Heads, We Call it “Brinternet”–Tails, “SergeyCom”
For the past few years, we’ve been hearing rumblings about Google leasing hundreds of thousands of square feet of carrier hotel space, buying up dark fiber, mulling the purchase of hundreds of millions of dollars in DWDM and Ethernet-based telecom equipment and helping build out a trans-Pacific multi-terabit undersea cable.
Given Google’s mission–to organize the world’s information and make it universally accessible and useful–and the telecom costs and peering fees associated with this goal, it was inevitable that the company would look to secure additional network capacity.

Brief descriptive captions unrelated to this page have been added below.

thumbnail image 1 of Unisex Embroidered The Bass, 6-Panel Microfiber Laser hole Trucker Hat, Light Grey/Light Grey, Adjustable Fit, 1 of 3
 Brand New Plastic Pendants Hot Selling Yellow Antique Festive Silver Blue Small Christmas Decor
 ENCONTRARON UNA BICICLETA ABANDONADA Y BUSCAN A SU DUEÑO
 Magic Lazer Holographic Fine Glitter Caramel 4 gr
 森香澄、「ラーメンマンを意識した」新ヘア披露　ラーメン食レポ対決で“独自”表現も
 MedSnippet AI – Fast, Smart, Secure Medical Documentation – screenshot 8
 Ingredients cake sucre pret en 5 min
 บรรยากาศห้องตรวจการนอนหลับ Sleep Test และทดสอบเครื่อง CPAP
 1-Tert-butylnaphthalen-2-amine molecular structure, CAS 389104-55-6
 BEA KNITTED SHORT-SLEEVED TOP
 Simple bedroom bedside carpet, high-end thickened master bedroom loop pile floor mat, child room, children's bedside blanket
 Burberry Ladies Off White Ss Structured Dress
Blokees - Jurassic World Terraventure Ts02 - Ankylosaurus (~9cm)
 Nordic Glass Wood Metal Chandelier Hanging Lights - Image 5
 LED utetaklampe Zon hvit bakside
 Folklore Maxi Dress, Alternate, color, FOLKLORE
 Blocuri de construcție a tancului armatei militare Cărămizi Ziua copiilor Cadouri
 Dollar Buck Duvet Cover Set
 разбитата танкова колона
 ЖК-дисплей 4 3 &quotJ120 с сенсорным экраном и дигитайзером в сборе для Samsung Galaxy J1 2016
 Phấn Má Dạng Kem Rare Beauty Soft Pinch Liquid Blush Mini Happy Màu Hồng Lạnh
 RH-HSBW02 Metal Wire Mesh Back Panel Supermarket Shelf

But evidently, Google (GOOG) had other ambitions here as well–like deploying its own 1Gbps fiber-to-the-home Internet service.
“We’re planning to build and test ultra high-speed broadband networks in a small number of trial locations across the United States,” Google product managers Minny Ingersoll and James Kelly wrote in a company blog post. “We’ll deliver Internet speeds more than 100 times faster than what most Americans have access to today with 1 gigabit per second, fiber-to-the-home connections. We plan to offer service at a competitive price to at least 50,000 and potentially up to 500,000 people.”
Google insists that the purpose of this project is to “experiment and learn” in hope of making Internet access better and faster for everyone. That’s an altruistic goal, but a selfishly altruistic one. By providing Internet speeds of 1Gbps, Google will drive further usage of its various services and the contextual ads it peppers them with. At the same time, the company will humiliate the telcos into improving their own networks and, given Google’s stated focus on “openness and choice,” perhaps even change market dynamics.
But is this plan setting the stage for Google to become a full-fledged network operator? That seems unlikely. Telecom is a low-margin, capital-intensive business. I can’t imagine that it is very attractive to Google, which can’t even be bothered to build out a viable support system for its new Nexus One smartphone business.